[FFmpeg-devel] [PATCH] wmapro decoder
Michael Niedermayer
michaelni
Mon Aug 3 02:45:46 CEST 2009
On Sun, Aug 02, 2009 at 03:11:50PM +0200, Sascha Sommer wrote:
[...]
> >
> > [...]
> >
> > > + /** decode transform type */
> > > + if (chgroup->num_channels == 2) {
> > > + if (get_bits1(&s->gb)) {
> > > + if (get_bits1(&s->gb)) {
> > > + av_log_ask_for_sample(s->avctx,
> > > + "unsupported channel transform type\n");
> > > + }
> > > + } else {
> > >
> > > + if (s->num_channels == 2) {
> > > + chgroup->transform = 1;
> > > + } else {
> > > + chgroup->transform = 2;
> > > + /** cos(pi/4) */
> > > + chgroup->decorrelation_matrix[0] = 0.70703125;
> > > + chgroup->decorrelation_matrix[1] = -0.70703125;
> > > + chgroup->decorrelation_matrix[2] = 0.70703125;
> > > + chgroup->decorrelation_matrix[3] = 0.70703125;
> > > + }
> >
> > why the special handling of 2 vs. >2 channels here?
> >
>
> When the stream has only 2 channels, the channels are M/S stereo coded
> (transform 1)
> When the stream has more than 2 channels, the matrix multiplication is used.

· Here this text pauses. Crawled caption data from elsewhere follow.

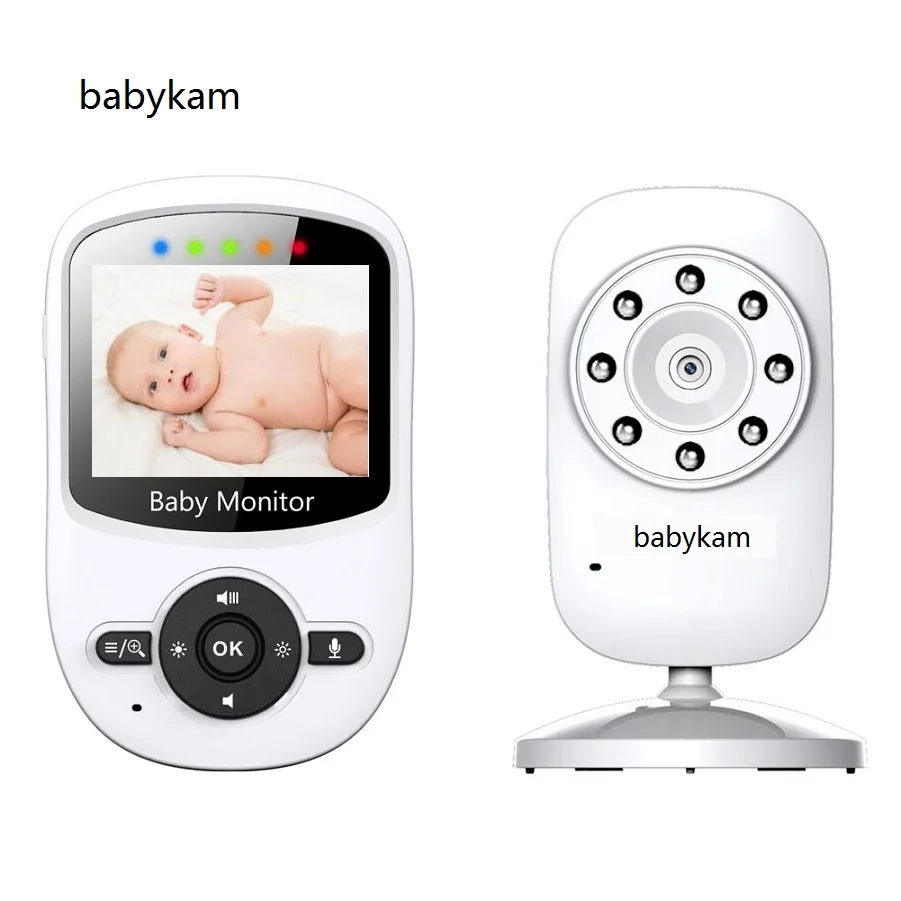 Babykam Радио няня Новый 2.4 дюймов ЖК-дисплей нянечки ИК Ночное видение домофон колыбельные Температура Мониторы/сигнал тревоги зум Мониторы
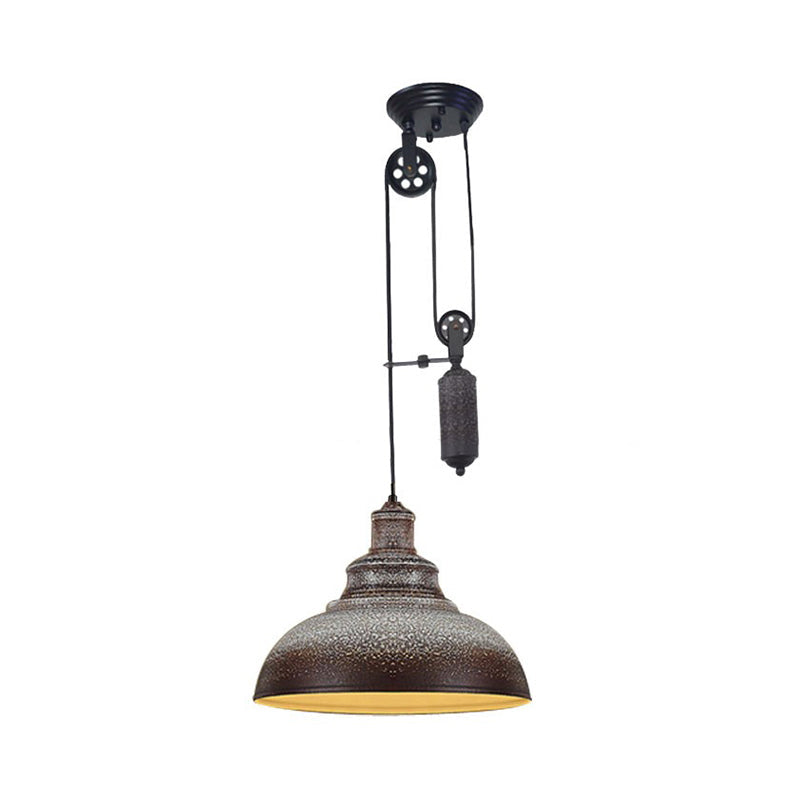 Lampe suspendue rustique industrielle en forme de dôme avec poulie - 1 luminaire en métal marron/gris pour l'éclairage du salon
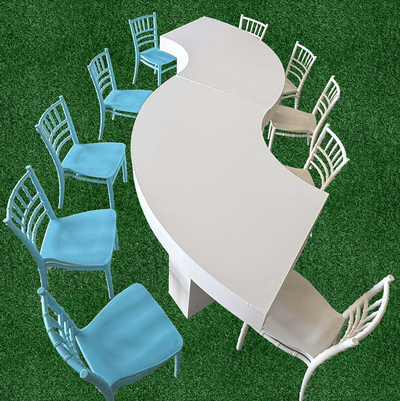 Kids Half Moon Lux Acrylic Table Set - 4 Piece Modular Design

> for the 2 channels that contain data for the current subframe length/offset.
> (num_channels in the channel group != num_channels in the stream)
iam not sure if we talk about the same thing or if i misunderstand you but
the 2channel in a subframe and the M/S case look pretty much the same to me
if so i wonder why they are not handled by the same code ...
[...]
> +/**
> + * @brief frame specific decoder context for a single channel
> + */
> +typedef struct {
> + int16_t prev_block_len; ///< length of the previous block
> + uint8_t transmit_coefs;
> + uint8_t num_subframes;
> + uint16_t subframe_len[MAX_SUBFRAMES]; ///< subframe length in samples
> + uint16_t subframe_offset[MAX_SUBFRAMES]; ///< subframe positions in the current frame
> + uint8_t cur_subframe; ///< current subframe number
> + uint16_t channel_len; ///< channel frame length in samples
do we need that in the context or can it be a local var?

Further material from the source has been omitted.